For expert advice on any employment issue, Kuldeep can be contacted on 07484 614090 or kuldeep@sterlinglawyers.co.uk

COVID-19: Lay-off and redundacy

Businesses are looking to reduce their bills in response to more people self-isolating at home.
While some send their employees to work from home maintaining their wages, others take advantage of lay-offs and reduced working hours.

Although there is general guidance available to employers, we suggest you seek legal advice before taking any actions and changing employees’ terms. Otherwise, you may face fines and costly tribunal hearings.

What about 0-hours workers?

0-hour workers cannot be suspended from work without a mutual agreement. If you decide to do so, you are opening up your company to claims. Otherwise, the right to suspend should be clearly stated in the contract.

Can I make employees stay home for a period of time on a reduced pay?

As an employer, you require a contractual right to do so and will need to follow the contract change process. You must also seek agreement from employees. Be transparent about why you have to do so and what employees can expect in the future, including redundancies.

What is lay-off?

Lay-off is when you as an employer take an employee off work at least for one working day due to lack of work.
Lay-off can trigger redundancy if it lasts for 4 weeks in a row, is more than 6 weeks within a 13-week period. In this case, an employee may opt for redundancy, and therefore, will be eligible for a redundancy payment.
Statutory lay-off pay: up to £29 a day for five days in any three-month period – so a maximum of £145.

If you have to make your workers redundant, you have to follow the redundancy procedure.

Find out more about your rights by contacting us.

020 7822 8535

07 305 966 531 for messengers

CLAIMING SICK PAY – WHAT ARE YOUR RIGHTS?

According to the Acas advice, every employee or worker is eligible for any SSP (Statutory Sick Pay) in they need to self-isolate and thus stay home due to: having coronavirus or its symptoms, if someone in their household has coronavirus or its symptoms, or if they have been told to self-isolate by NHS 111.

However, as an employee you must tell your employer you are unable to work as soon as you can, provide with the reason why, and also let them know for how many days you are likely to be absent. Your employer should be flexible about you providing evidence from doctors, as you may not be able to get a sick note while you are self-isolating.

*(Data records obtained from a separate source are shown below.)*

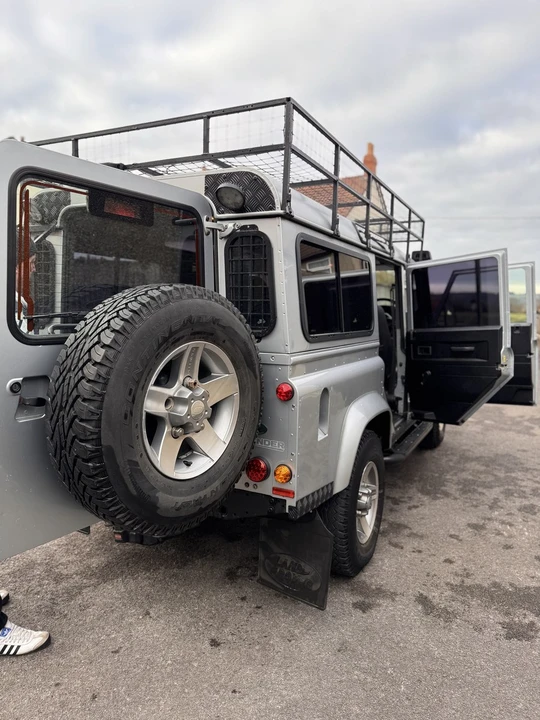 2010 Land Rover Defender 110 - Image 19 of 30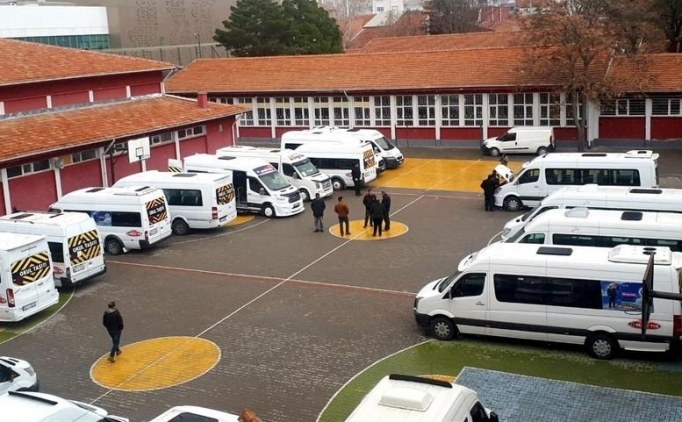 Okul bah�esi ara� dezenfeksiyon merkezi oldu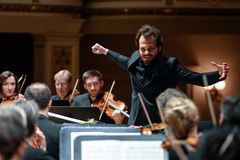 Rozhlasový orchestr chystá on-line koncert s dirigentem Popelkou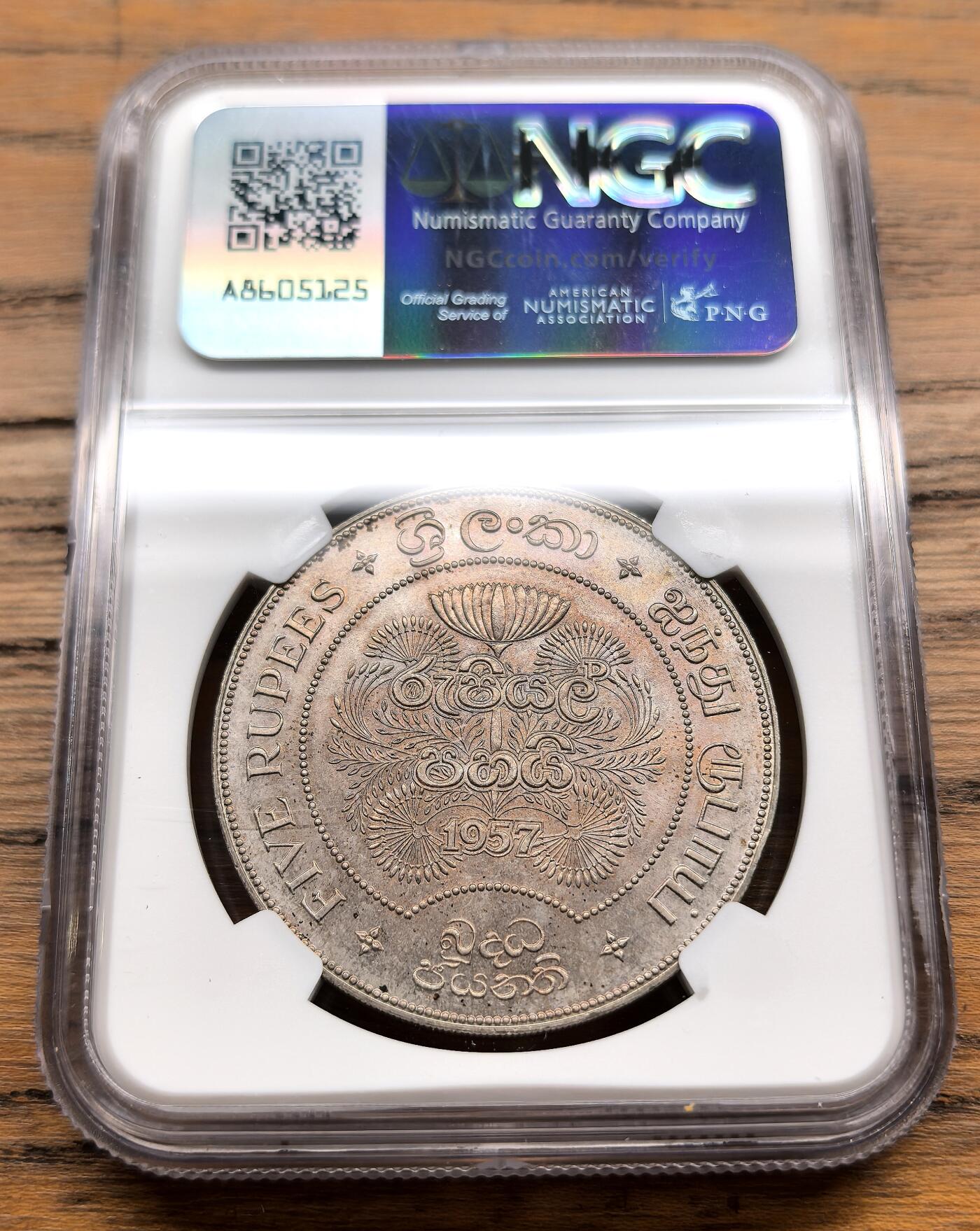 凡希社世界钱币微拍第三百零九期 1957英属锡兰佛教2500周年纪念5卢比大银NGC-MS65，漂亮的洋红包浆，高分收藏级。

«By law, medical evidence is not required for the first 7 days of sickness. After 7 days, it is for the employer to determine what evidence they require, if any, from the employee. This does not need to be fit note (Med 3 form) issued by a GP or other doctor» –
https://www.gov.uk/government/publications/guidance-to-employers-and-businesses-about-covid-19/guidance-for-employers-and-businesses-on-covid-19#what-to-do-if-an-employee-or-a-member-of-the-public-becomes-unwell-and-believe-they-have-been-exposed-to-covid-19

Agency, casual and zero-hours workers can get SSP if they meet the eligibility conditions, namely:

  • they earn on average at least £118 per week before tax;
  • they’ve told their employer about their condition within any deadline the employer has set or within 7 days.

Recently the UK government has decided that everyone with taking sick leave/self-isolating due to coronavirus or its symptoms is eligible for a sick pay from day 1 If you are, however, self-employed, or earn less than £118/week, according to the Budget, you can “more easily make a claim for Universal Credit or Contributory Employment and Support Allowance”: “For the duration of the outbreak, the requirements of the Universal Credit Minimum Income Floor will be temporarily relaxed for those who have COVID-19 or are self-isolating according to government advice, ensuring self-employed claimants will receive support”, you will be able to claim Universal Credit  “without the current requirement to attend a job centre if they are advised to self-isolate”.

Still have your questions or worried? Let us know by contacting us. Just send us a message here, or reach out to contact@sterling-law.co.uk. 07 305 966 531 is available to those who prefer messengers.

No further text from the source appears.